>POLAND BANKS: From Wrestling to Merging (CITI)
■ 1Q10 Results In-Line — Our universe of seven Polish banks reported an aggregate 1Q10 net profit of ZL1,976m (+45% yoy, +22% qoq, +3.7% vs. CIRA estimates and +2.3% vs market consensus as reported by PAP). Despite high provisioning on retail loans (+34% yoy, -26% qoq), 1Q10 aggregate provisions came in 8% below our estimates. On the other hand, non-interest income came in 3% below our estimates driven by weak fees (partly due to a lower-than-expected recovery in investment fund fees).
■ Increased Competition in 2010 — Polish banks are abandoning strategies that concentrated on product niches and are embracing a universal banking strategy. This coupled with growth plans announced by some smaller players (e.g. Meritum Bank and Bank Pocztowy) is likely to lead to increased competition as more banks will sell a full range of products, while demand for banking services is expected to remain muted. This trend may negatively affect margins and revenues and presents a risk to our top-line growth forecasts.
■ More M&A in 2011? — Given increased focus on capital and funding globally in the sector, foreign players that find it difficult to accomplish their objectives in terms of growth or profitability of their Polish operations may consider engaging in M&A, either as an acquirer or a seller. M&A activity can be also triggered by financial problems of parent banks, as was the case with BZ WBK. Given Pekao’s expressed interest in M&A and PKO BP’s declaration to keep its options open, we analyse possible merger scenarios. Generally we expect consolidation to have a
positive impact on profitability longer-term.

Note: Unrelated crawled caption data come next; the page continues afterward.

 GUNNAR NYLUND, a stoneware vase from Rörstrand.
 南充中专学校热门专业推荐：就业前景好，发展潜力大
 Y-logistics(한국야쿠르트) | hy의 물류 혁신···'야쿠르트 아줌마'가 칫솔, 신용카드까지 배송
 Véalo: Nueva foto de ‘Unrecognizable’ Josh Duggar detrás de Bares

■ Upgrading on Weakness — Following recent share price correction and due to attractive valuations we upgrade four Polish banks. Our top picks are PKO BP (1L rating maintained, TP ZL49, Tier 1 14.0%, only 24% of loans in FX) and Pekao (upgraded to 1L from 2L, TP ZL179.5, Tier 1 18.4%, only 27% of loans in FX). For investors with a higher risk appetite we recommend buying BRE (upgraded to 1M from 2M, TP ZL279) and BZ WBK (upgraded to 1M from 3M, TP ZL222). We upgrade ING BSK to Hold (2M from 3M, TP ZL809) and maintain our Sell rating on
Bank Millennium (3M, TP ZL4.70) and Kredyt Bank (3M, TP ZL16.9). We change our target prices to reflect our revised estimates and roll forward of our valuatio ns.